Exporters are better at managing risk

Exporters are better at managing risk

Companies that export are more innovative, productive, profitable and risk averse. This, the fourth in a four-part series, talks about exporting and managing risk. (See also: 1st part – Innovation2nd part – Productivity3rd part – Profitability)

Creative Juiices has a niche operation — it offers bottling, labelling and mixing services to small- and medium-sized beverage companies that don’t have their own facilities. It’s been successful since its founding in 2011, but what’s really shored up its achievements is exporting.

After it secured some small U.S. companies as customers, its base of operations was secure, its risk-level minimized, and it was free to explore other markets across the U.S. and in Canada.

Today, the company is the bottler for a popular Canadian Caesar product and also an American maker of malt-based cooler. It also bottles for several small cider houses and craft soda companies.

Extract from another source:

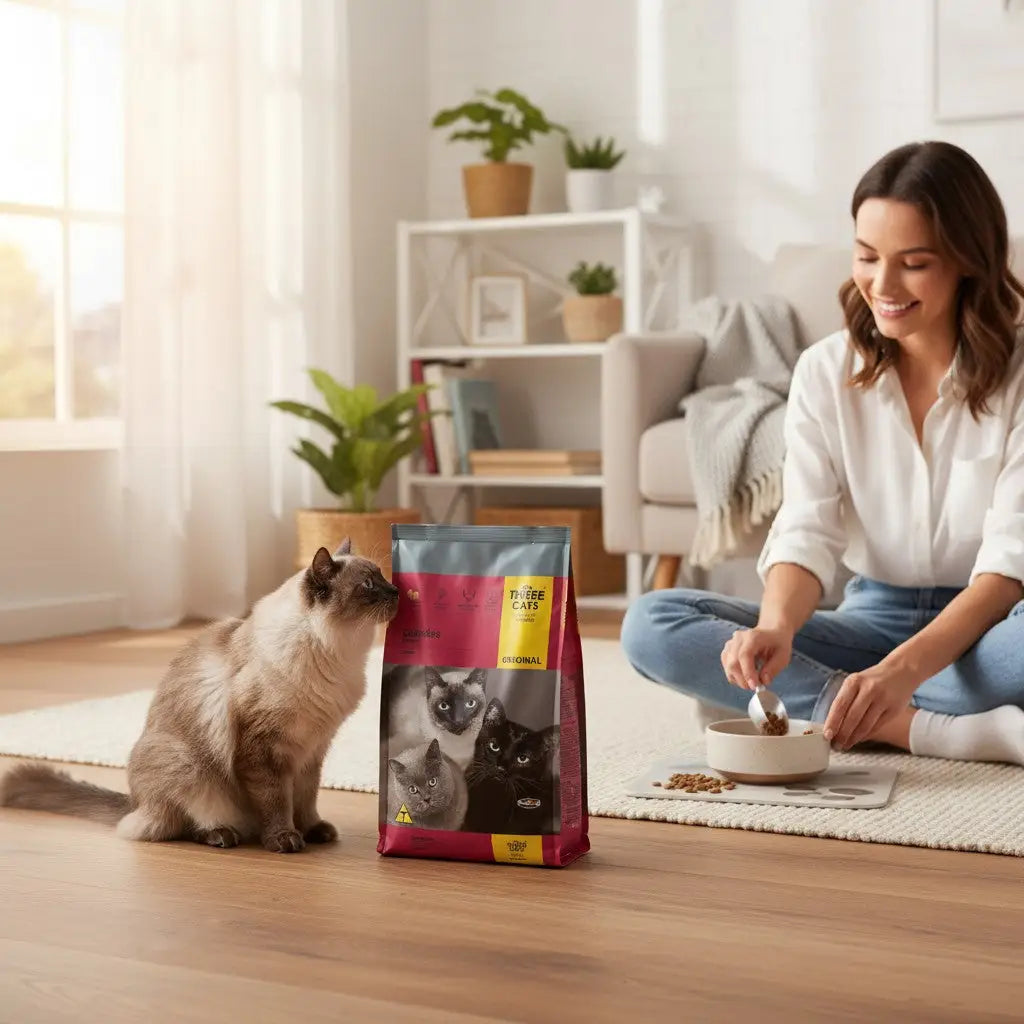 Ração Three Cats Gatos Adultos Castrados 10,1 Kg - Controle de peso | Caprili Shop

“The majority of our business is export today,” said Terry Weishar, Director of Operations for Creative Juiices. “Our main projects that got our company going were all exports to the U.S. There are very few co-packaging companies that offer what we do. We cater to the small- to medium-sized brand owners. I’ve been in a number of plants in the U.S. and Canada and a lot of the co-manufacturing facilities are quite large, with high capacity. Our capacity is much lower and we can offer our services to start-up companies with smaller batches, and we can maintain production for them throughout as the brand grows.”

According to Todd Evans, Director of Corporate Research at Export Development Canada (EDC), resiliency is really an extension of the other benefits of exporting: “A company that is more innovative, more productive and more profitable just in an of itself is a company that’s more able to withstand downturns in cycles.”

Bill Currie, Vice Chair and Americas Managing Director at Deloitte, concurs.

“Companies that export, live longer,” Currie said. “It de-risks you. You can’t say that no one’s ever failed at it, but your chances of success improve.”

Evans said companies that have thoughtful export strategies helps give them that reduction to exposure to international risk. “If you’re not focussing on one product in one market, you tend to be more balanced,” he said. “If you’re a multi-product company in many markets, you’re much more diverse. That makes the company more resilient and more robust. The very nature of having that international footprint really does give them adaptability and flexibility.”

Canada, he said, is a very small domestic market and companies that expand beyond its borders can take advantage of scaled economies.

“If the company is doing a lot of product and research development, they need that international market to amortize those investments and activity over a larger sales base,” Evans said. “Exposure to scale is a big thing in terms of reducing risk.”

An Industry Canada study had the same general findings. It states that “[international] diversification can help businesses better withstand economic shocks across regions, which can support firm survivability and help make Canadian businesses more competitive globally.”